» Task to carry out: In the entries that follow, find the line containing "Nogi w białych" and the line containing "1713 Southwest Umbria", then retype exactly the lines from the first through the second, pictures excluded.

» Data supplied:
# # #
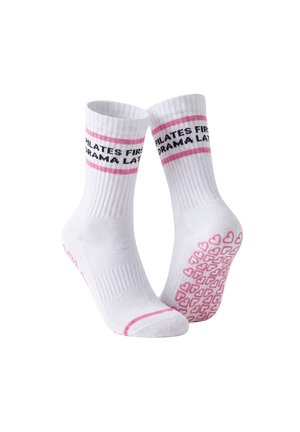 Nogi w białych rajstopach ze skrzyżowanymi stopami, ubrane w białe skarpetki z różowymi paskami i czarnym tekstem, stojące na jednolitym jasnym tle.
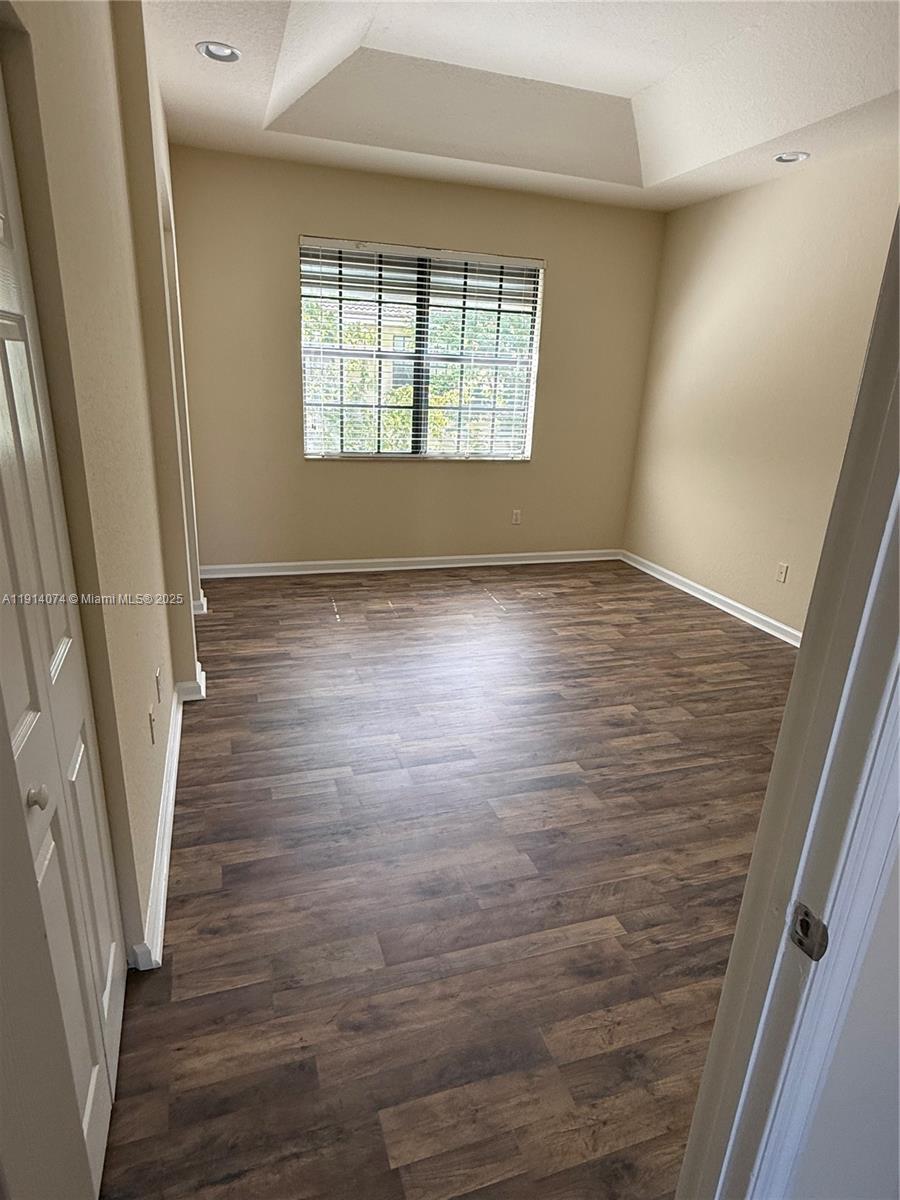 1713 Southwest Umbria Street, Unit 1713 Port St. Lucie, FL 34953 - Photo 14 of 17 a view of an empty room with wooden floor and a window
# # #
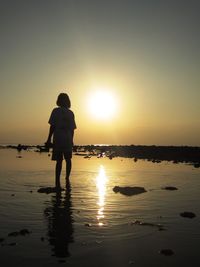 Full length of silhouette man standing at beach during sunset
# # #
» Finished task:
 Nogi w białych rajstopach ze skrzyżowanymi stopami, ubrane w białe skarpetki z różowymi paskami i czarnym tekstem, stojące na jednolitym jasnym tle.
 1713 Southwest Umbria Street, Unit 1713 Port St. Lucie, FL 34953 - Photo 14 of 17 a view of an empty room with wooden floor and a window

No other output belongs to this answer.